RAW DATA section start
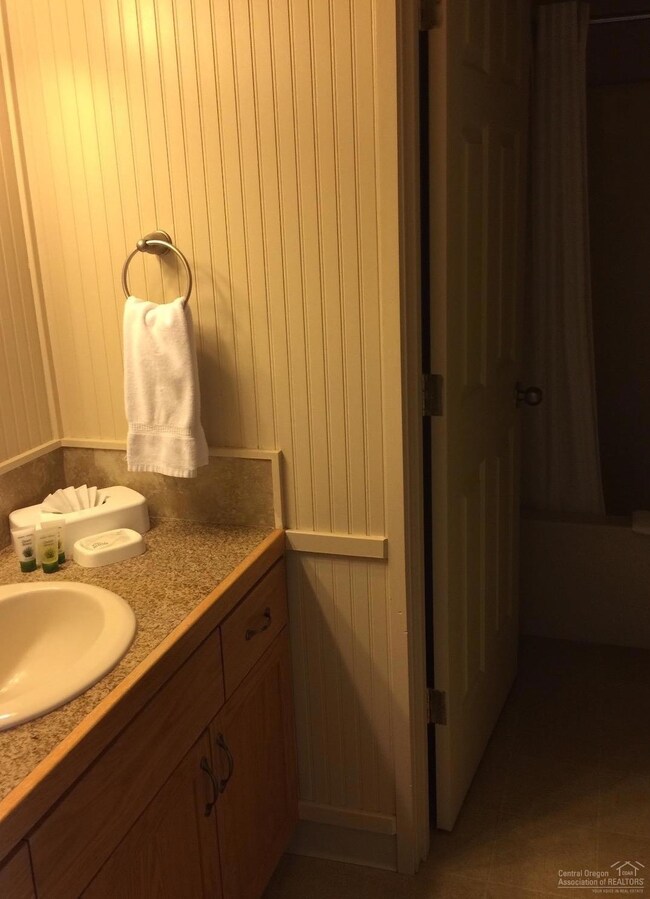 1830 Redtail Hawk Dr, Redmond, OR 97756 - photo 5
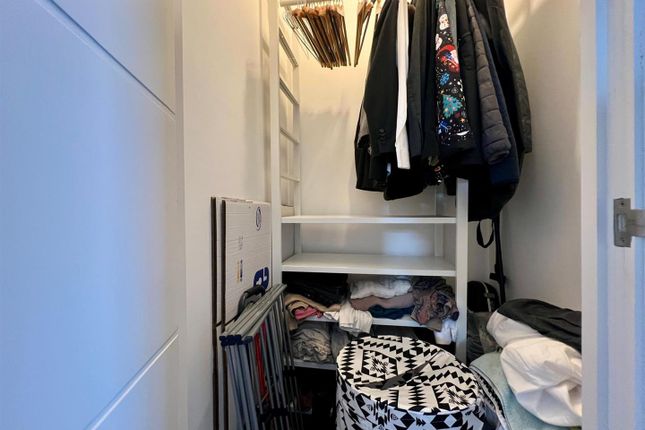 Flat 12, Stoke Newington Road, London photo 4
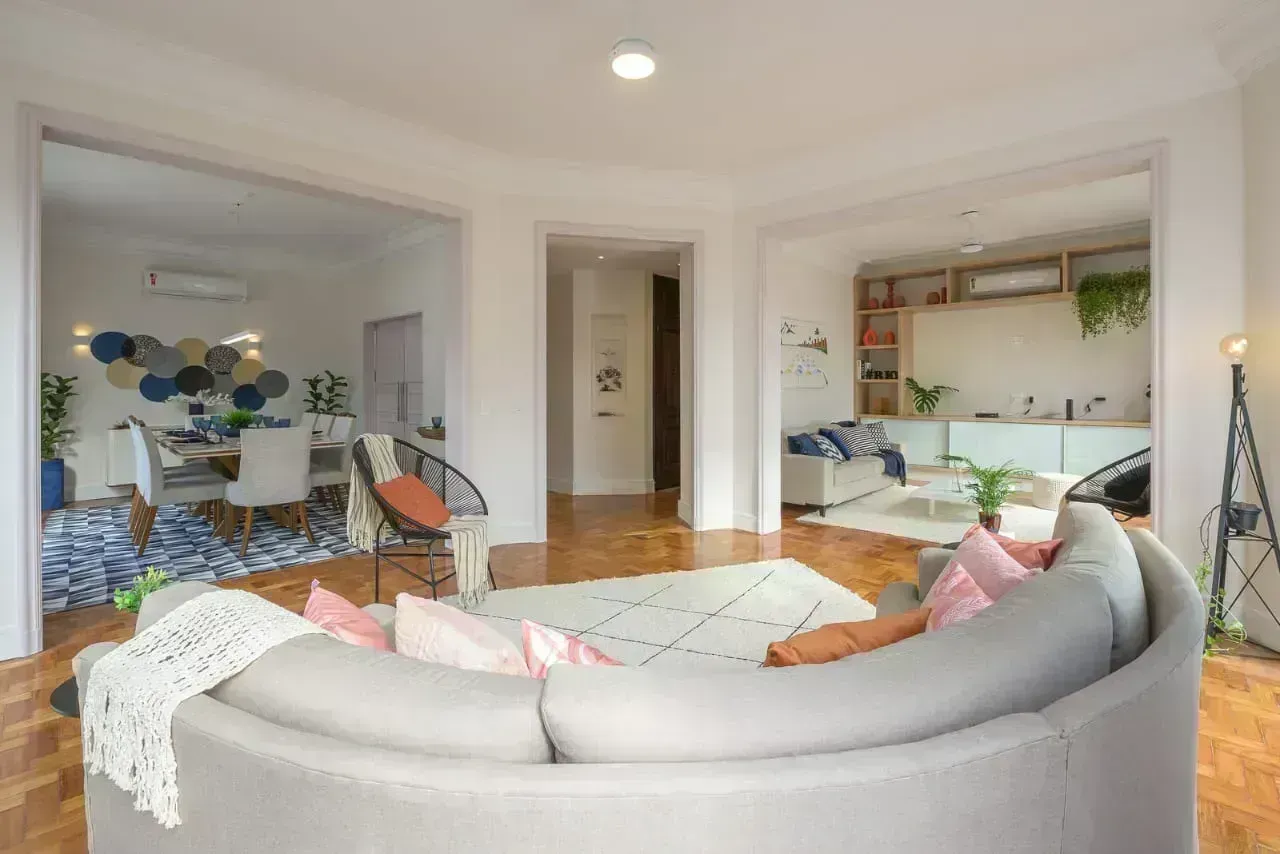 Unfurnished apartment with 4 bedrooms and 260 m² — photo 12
RAW DATA section end
## [WHAT THE TASK ASKS]
Please output each line above exactly and omit all images.

## [WRITTEN ANSWER]
 1830 Redtail Hawk Dr, Redmond, OR 97756 - photo 5
 Flat 12, Stoke Newington Road, London photo 4
 Unfurnished apartment with 4 bedrooms and 260 m² — photo 12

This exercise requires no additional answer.